「超伝導の物理学」
青木 秀夫(東京大学名誉教授)

青木秀夫 著 「超伝導の物理学」 |
裳華房(2024年) |
超伝導というと,一般的には抵抗無しに電流が流れるイメージであろうが,実は物理学上の概念として斬新な状態である。南部陽一郎氏が「対称性の自発的破れ」というノーベル賞につながった概念に至ったのは超伝導から出発した賜物である。本書は,著者が2009 年に『超伝導入門』を刊行してから本分野で様々な発展があったことを踏まえ,タイトルも一新して大幅に増補・改訂した教科書であり,例えば固体物理学の授業の一助となろう。
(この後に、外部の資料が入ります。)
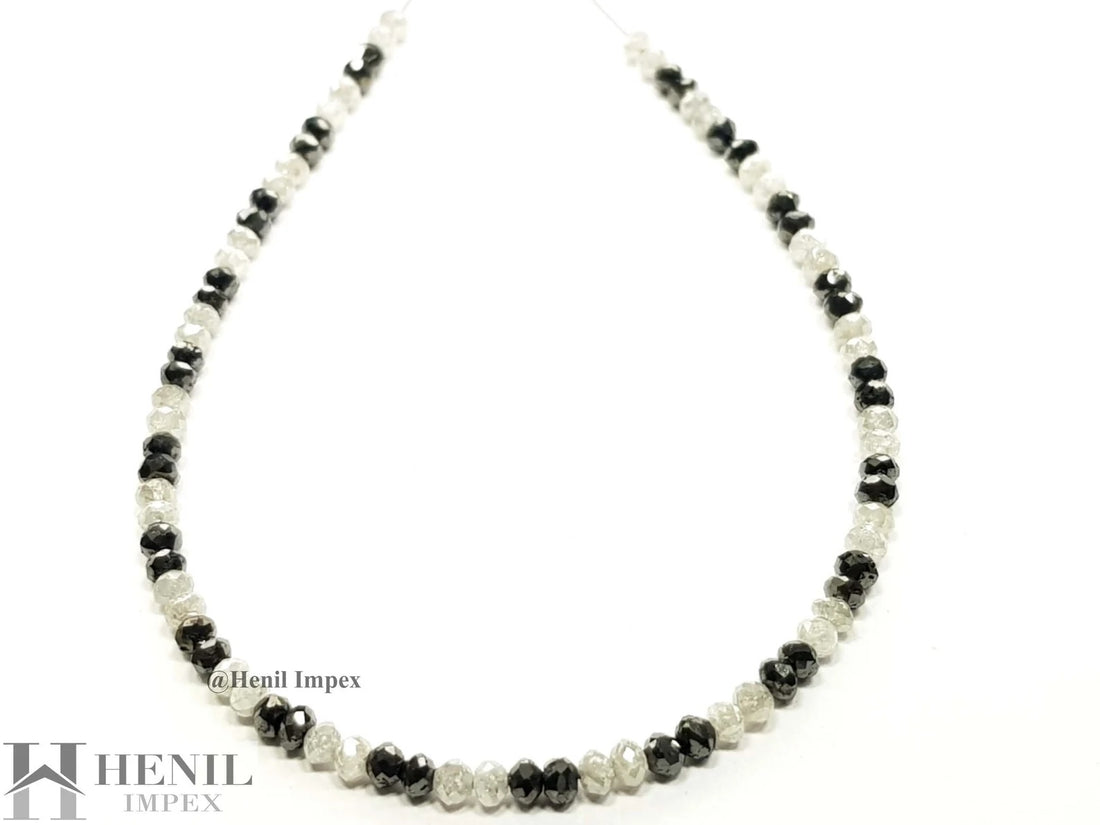 9.04 Ct Natural White Black Color Round Polished Loose Diamond Beads 7" Bracelet Silver Clasp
超伝導での一つの革命は1980 年代に発見された高温超伝導で,超伝導が発生する機構が従来とは全く異なる(電子間のクーロン斥力相互作用が起源),という概念的な面白さが肝要となる。本書では,従来型超伝導に対するスタンダードな理論から出発し,この15 年間の革新的な展開として,銅系に続く鉄化合物,ニッケル化合物における高温超伝導を詳説する。さらに,水素系での室温に近い超伝導やグラフェン超伝導なども輩出し,これらを物質の特徴から理論的描像まで説いた。目新しい展開は,ヒッグス・モードを典型とする非平衡における超伝導である。ヒッグスというと,素粒子としては加速器で2012 年に発見されたが,超伝導体でもそれに似た励起モードが南部理論と密接に関連して存在し,最近ホットである。また,教室での講義でいえば雑談に当たる「コラム」欄も充実させた。理学の研究は「上に行くほど頂上がどんどん高く伸びる山に登っているようなもの」と常々思うが,超伝導についても本書がこれを体験するきっかけになればとおもう。